WORK ITEM. Line for line, return the data exactly, omitting all pictures.

[Scraped caption text data]
= = = = = = =
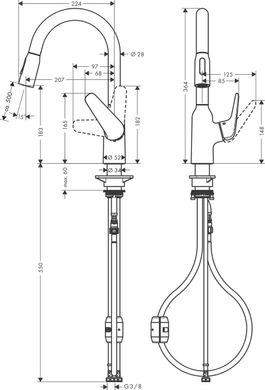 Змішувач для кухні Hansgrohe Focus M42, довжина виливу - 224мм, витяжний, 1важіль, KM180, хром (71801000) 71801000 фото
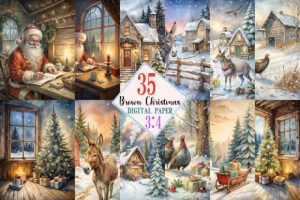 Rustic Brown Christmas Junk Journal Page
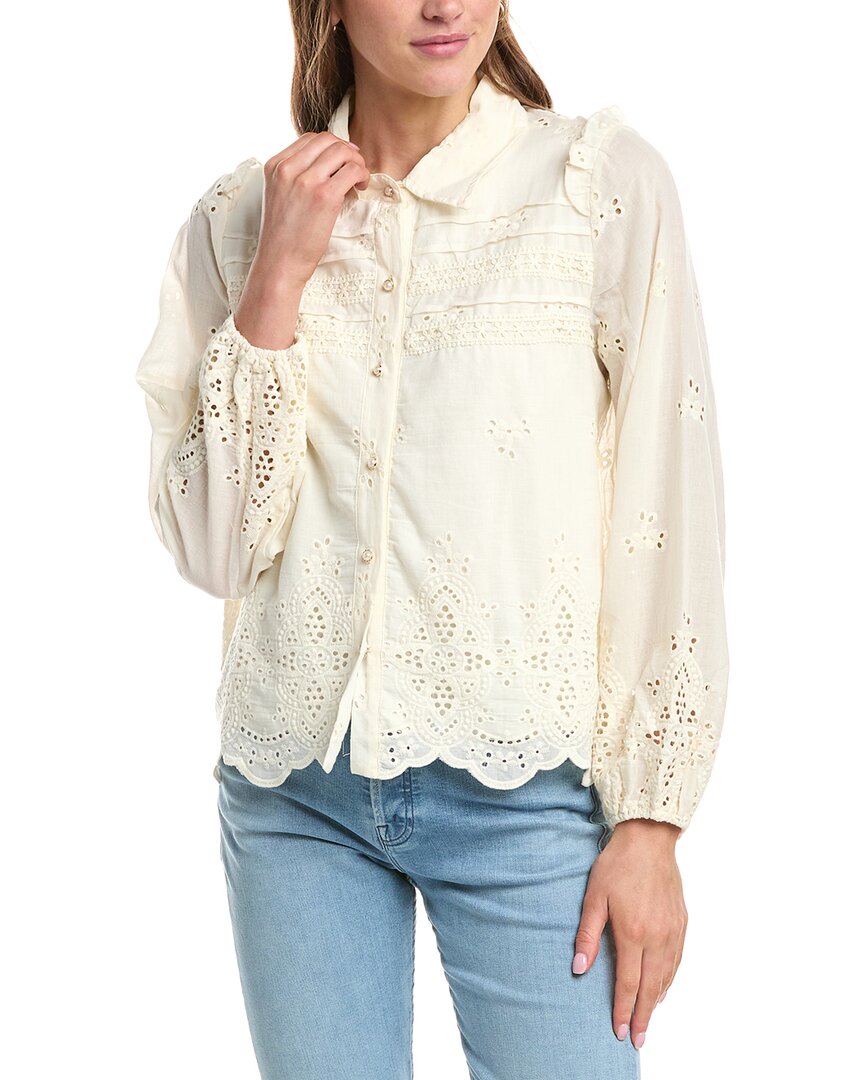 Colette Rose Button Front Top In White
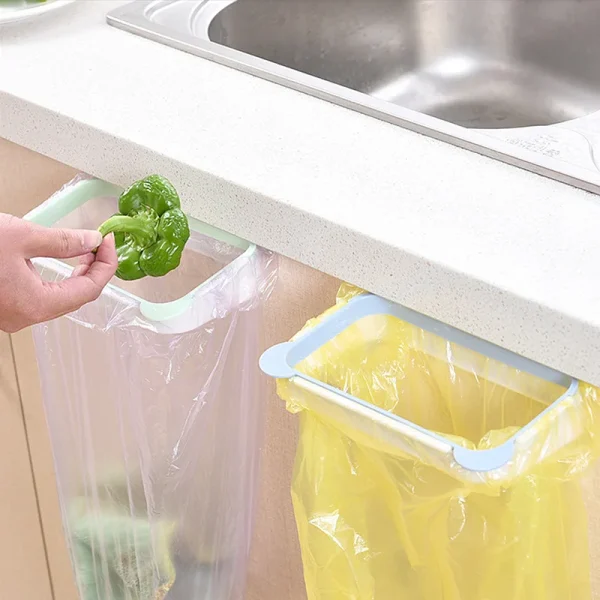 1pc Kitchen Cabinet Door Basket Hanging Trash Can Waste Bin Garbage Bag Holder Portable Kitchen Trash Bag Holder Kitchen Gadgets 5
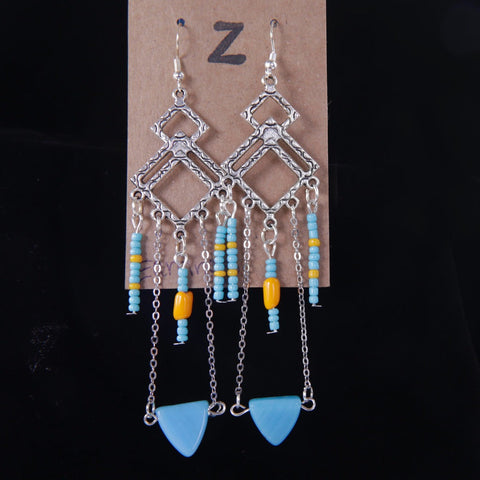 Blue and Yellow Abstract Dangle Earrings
= = = = = = =
TASK RESPONSE.
 Змішувач для кухні Hansgrohe Focus M42, довжина виливу - 224мм, витяжний, 1важіль, KM180, хром (71801000) 71801000 фото
 Rustic Brown Christmas Junk Journal Page
 Colette Rose Button Front Top In White
 1pc Kitchen Cabinet Door Basket Hanging Trash Can Waste Bin Garbage Bag Holder Portable Kitchen Trash Bag Holder Kitchen Gadgets 5
 Blue and Yellow Abstract Dangle Earrings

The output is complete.